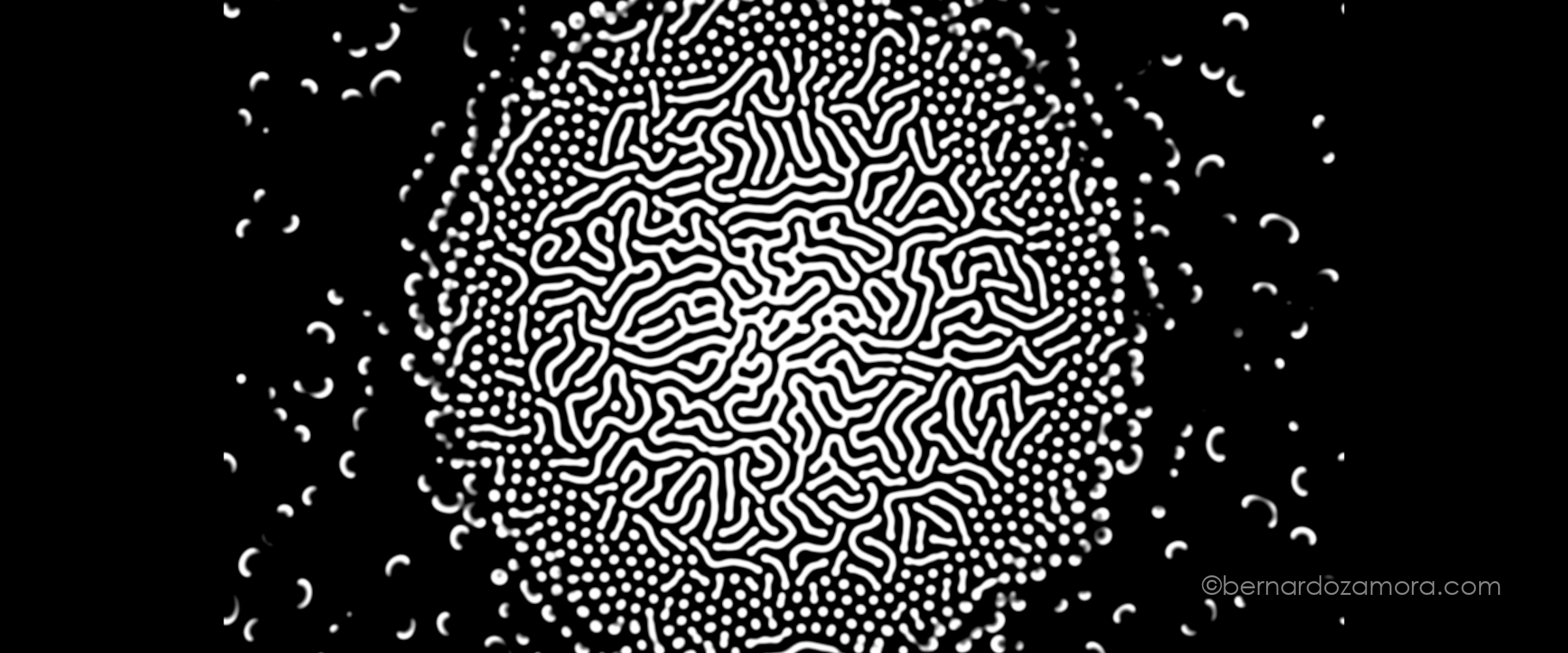 Intricate organic pattern generated by mixing two simulated chemicals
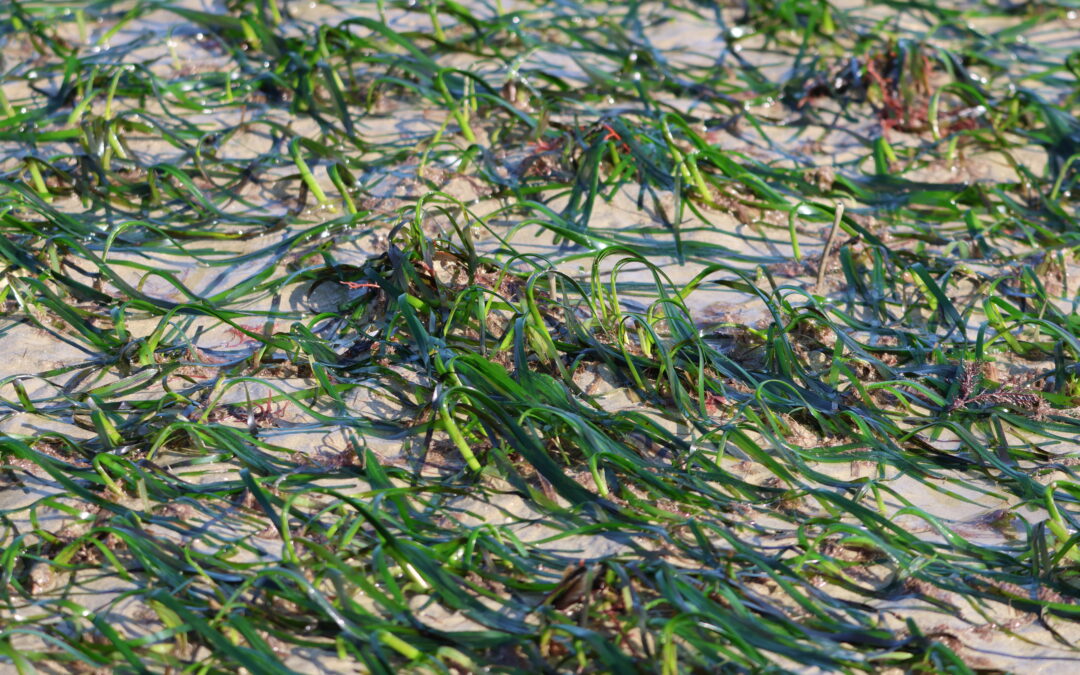 Herbier de zostère à Binic-Etables-sur-Mer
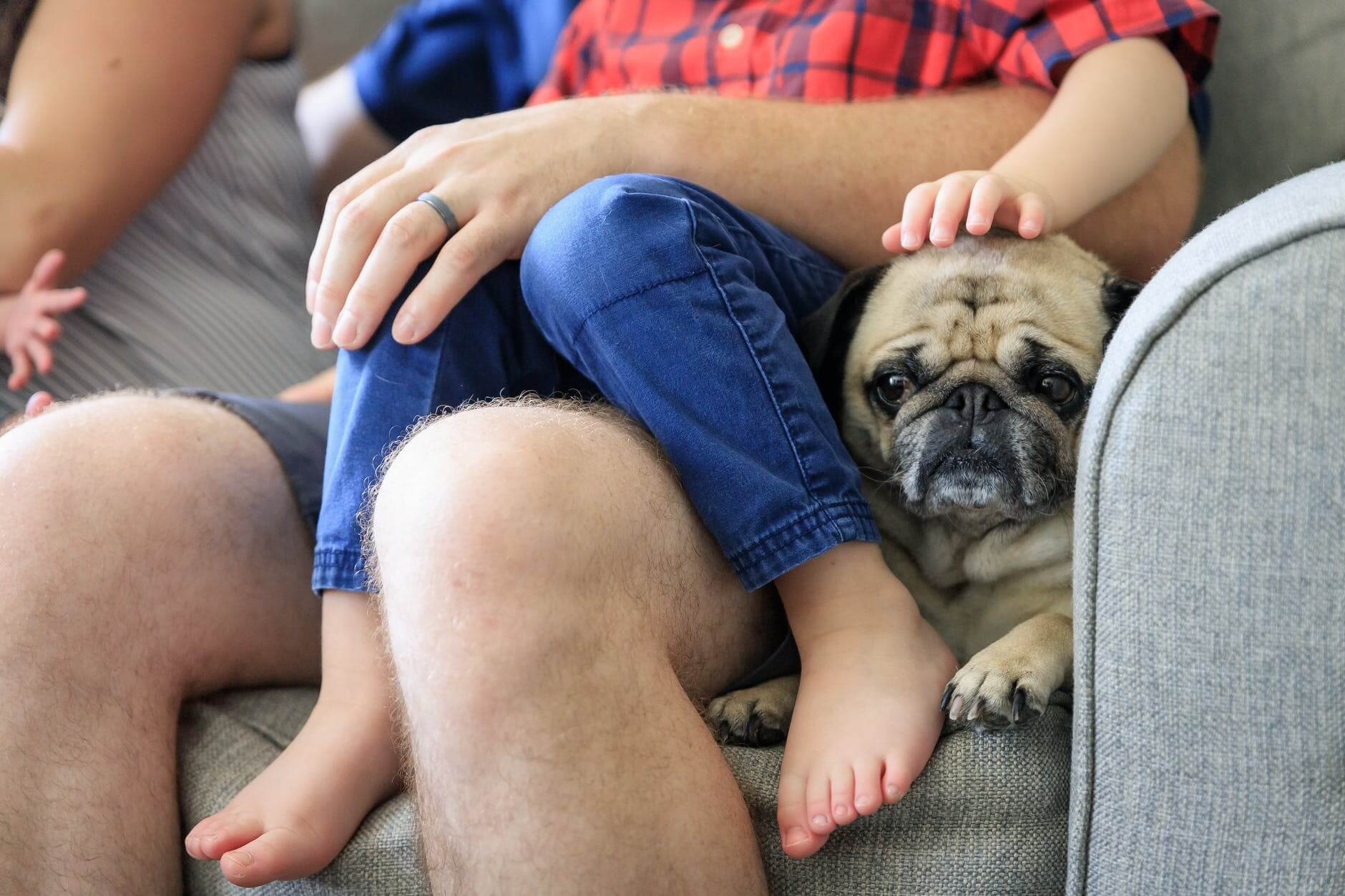 a family sitting on the couch with their pet pug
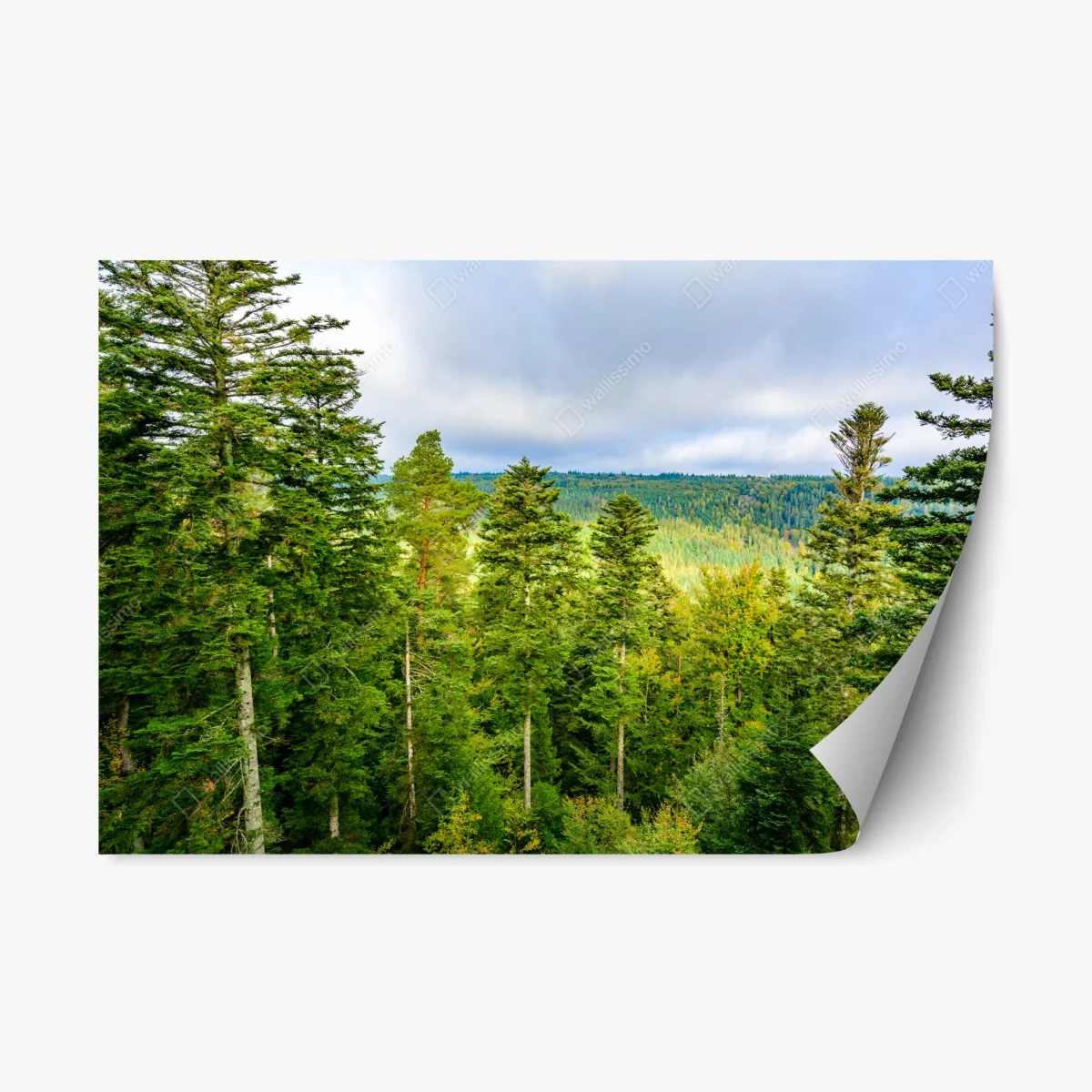 Pegatina reposicionable vistas otoñales del Bosque Negro – Pixers® Pegatina reposicionable vistas otoñales del Bosque Negro – Pixers®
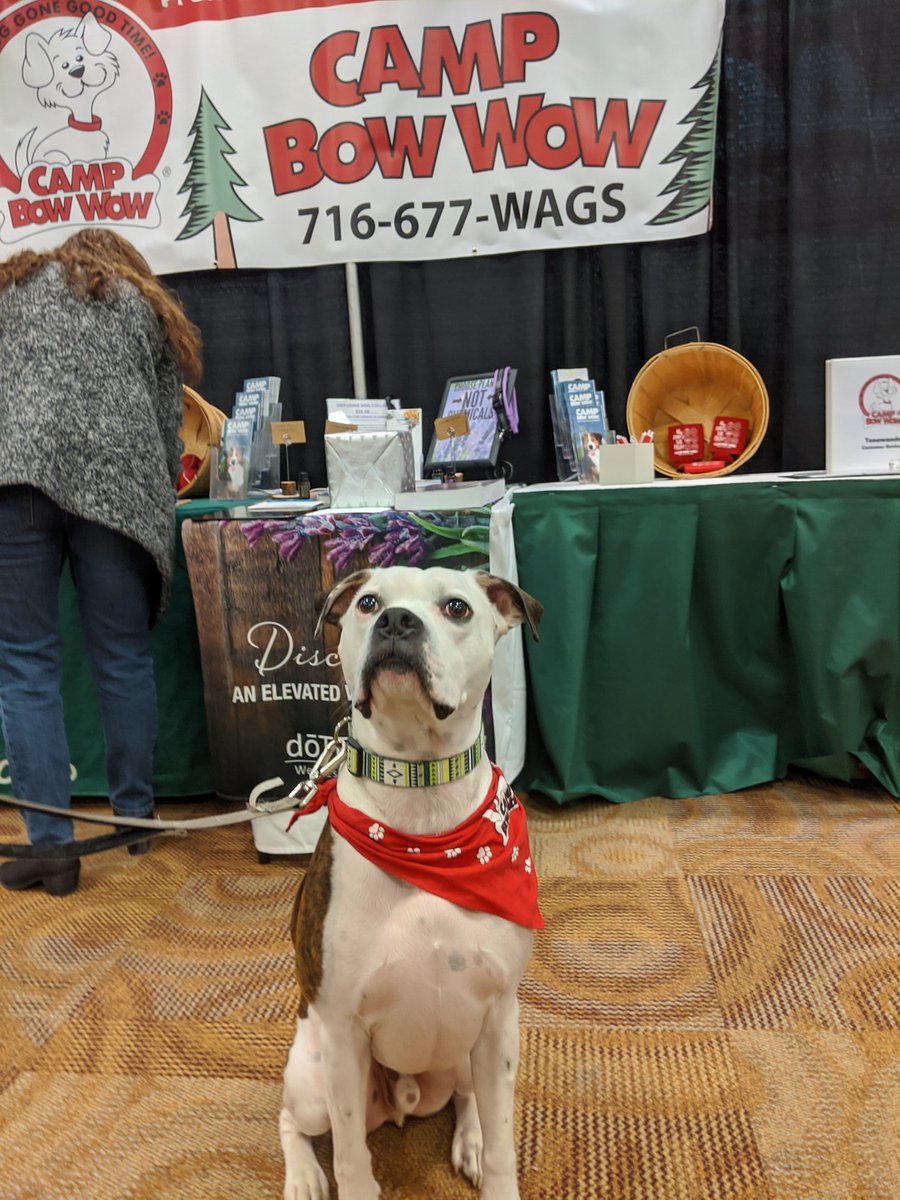 This good boy is having a blast shopping for all his doggy daycare (and home reno) needs at the #BuffaloHomeShow!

--- --- ---

WHAT THE EXERCISE ASKS -
When you repeat the lines above, keep them exact and leave out each image they contain.

EXERCISE RESULT -
 Intricate organic pattern generated by mixing two simulated chemicals
 Herbier de zostère à Binic-Etables-sur-Mer
 a family sitting on the couch with their pet pug
 Pegatina reposicionable vistas otoñales del Bosque Negro – Pixers® Pegatina reposicionable vistas otoñales del Bosque Negro – Pixers®
 This good boy is having a blast shopping for all his doggy daycare (and home reno) needs at the #BuffaloHomeShow!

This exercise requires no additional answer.